This Wednesday at sunset, Rosh Hashanah (the Judaic new year) will begin. With it, the year of 5777 will come to a close, and 5778 will begin. Rosh Hashanah is a time of celebration and joy. You’re supposed to eat apples and honey to bring in a sweet new year, but I don’t feel very hopeful or joyous right now.

Last year around this time, I can distinctly remember being filled with joy. 5777! I made it! It was a great holiday for me. I had started college, my family was happy and healthy and Hillary Clinton was going to be our first female president. About a month after Rosh Hashanah 5777, things took a turn. I’ll skip over the dreary details, but I believe I can definitively say 5777 sucked. Trump was elected, my family’s health wasn’t as long-lasting as it appeared and the stress of being a freshman really got to me.

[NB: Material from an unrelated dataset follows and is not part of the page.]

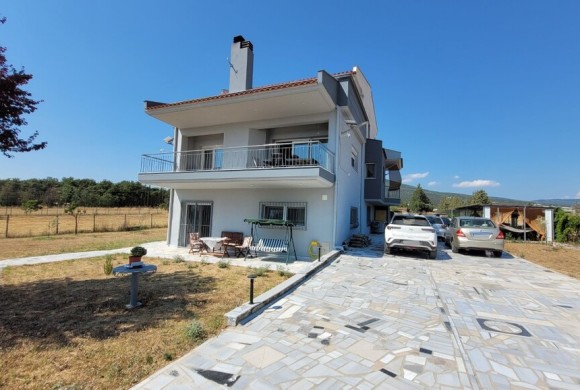 House for sale in Suburbs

Ignoring my personal problems, Earth at large has had a tough time, too. Global warming is starting to affect us like never before, there’s famine in Africa and the Middle East and the Syrian refugee crisis is still ongoing. I had to deal with the abject horror that is watching the news, to seeing Nazis march down the streets of my country. It’s easy to feel hopeless, especially with the large tragedy our campus is still trying to comprehend.

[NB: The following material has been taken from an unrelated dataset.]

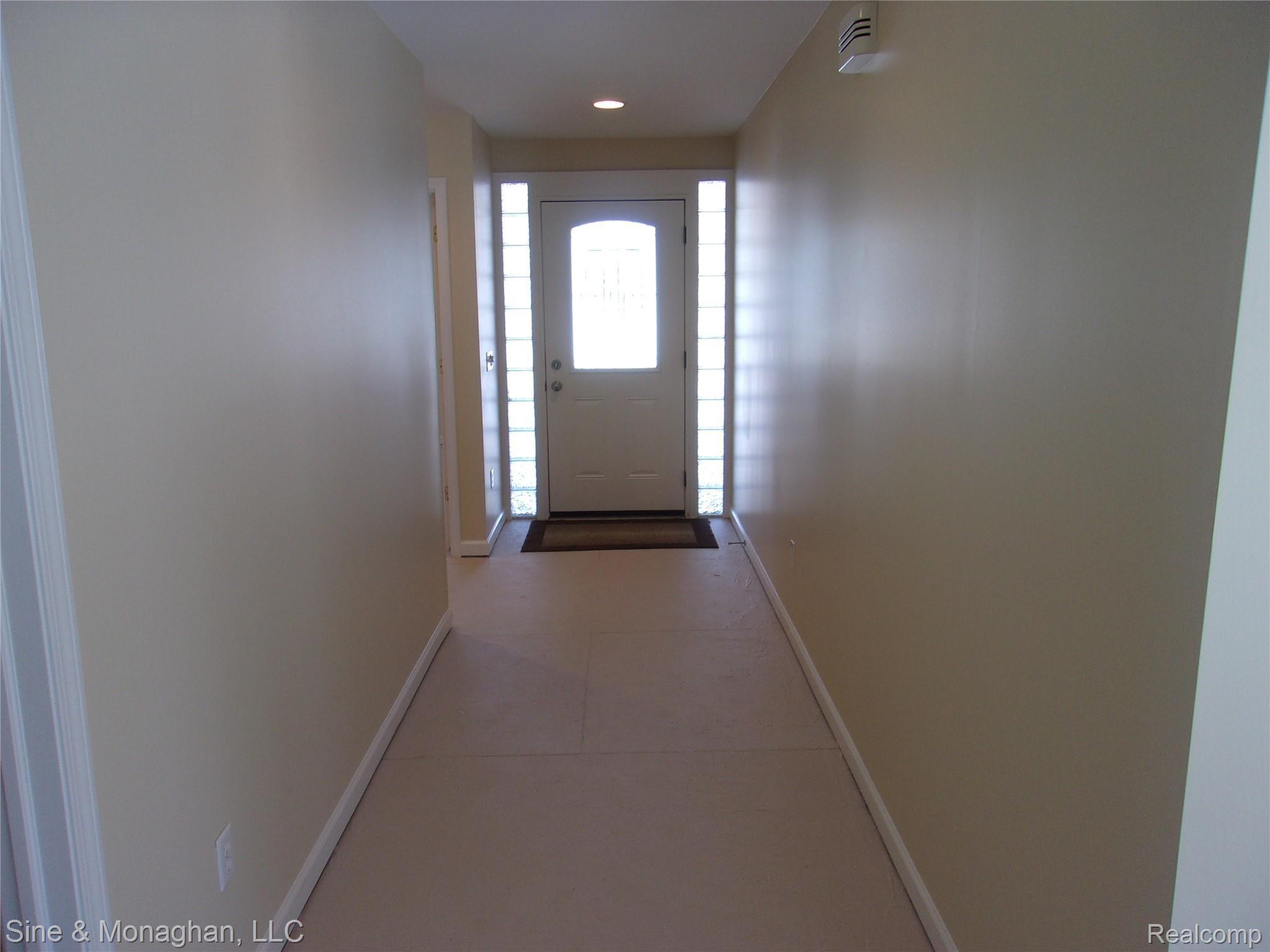 7352 Bealane Road Algonac, MI 48001 - Photo 5 of 42 100_0753.JPG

I don’t feel very joyful. I’m not happy or excited. I’m tired and stressed. As a Jew, I do understand there have been worse years than this, but I don’t want to live in a world where I only feel thankful as compared to genocide or pogroms, forced assimilation or oppression. That does not sound like the kind of world I want to be a part of.

Yet, Rosh Hashanah is merely the beginning of a series of holidays. Following Rosh Hashanah, are the “Days of Awe,” a time to consider your actions in the past year and atone for them. The Days of Awe culminate in Yom Kippur, the Day of Atonement. You atone for your sins, do charity and seek forgiveness.

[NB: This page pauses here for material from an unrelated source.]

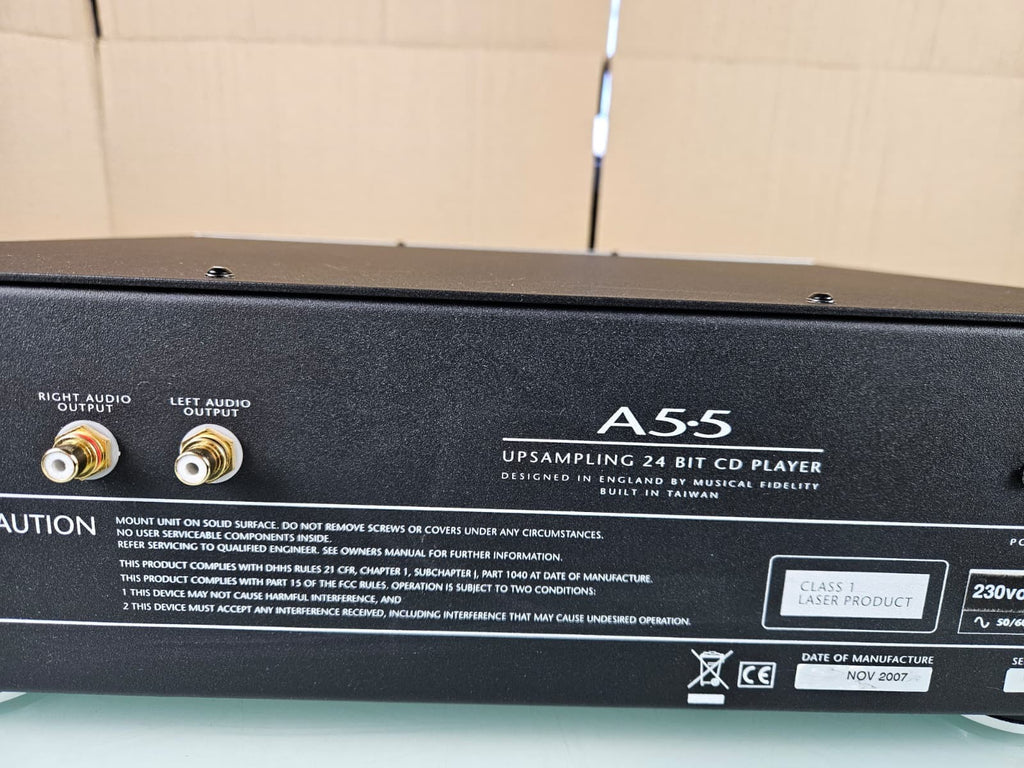 MUSICAL FIDELITY A5.5 UPSAMPLING 24 BIT CD PLAYER WITH REMOTE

It is time to reflect on how I handled a truly terrible year. I will admit I was not kind enough. I did not always do what I thought was right, out of fear of shame or rejection. I did not work hard enough to help others and was too worried about my own fears and worries. Perhaps I did not love unconditionally enough,

Mary McLoughlin, a Contributing Writer for the Voice, can be reached for comment at MMcLoughlin20@wooster.edu.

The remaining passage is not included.